What to work on >> In the records below, find the line containing "Vaqueros rectos de"; give it again exactly, along with every line that follows, and nothing else.

Information supplied >>
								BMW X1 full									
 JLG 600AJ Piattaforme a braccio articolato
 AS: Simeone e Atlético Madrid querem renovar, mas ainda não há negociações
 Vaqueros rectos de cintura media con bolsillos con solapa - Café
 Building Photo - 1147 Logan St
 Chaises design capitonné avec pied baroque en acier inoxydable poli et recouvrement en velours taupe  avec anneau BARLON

Written solution >>
 Vaqueros rectos de cintura media con bolsillos con solapa - Café
 Building Photo - 1147 Logan St
 Chaises design capitonné avec pied baroque en acier inoxydable poli et recouvrement en velours taupe  avec anneau BARLON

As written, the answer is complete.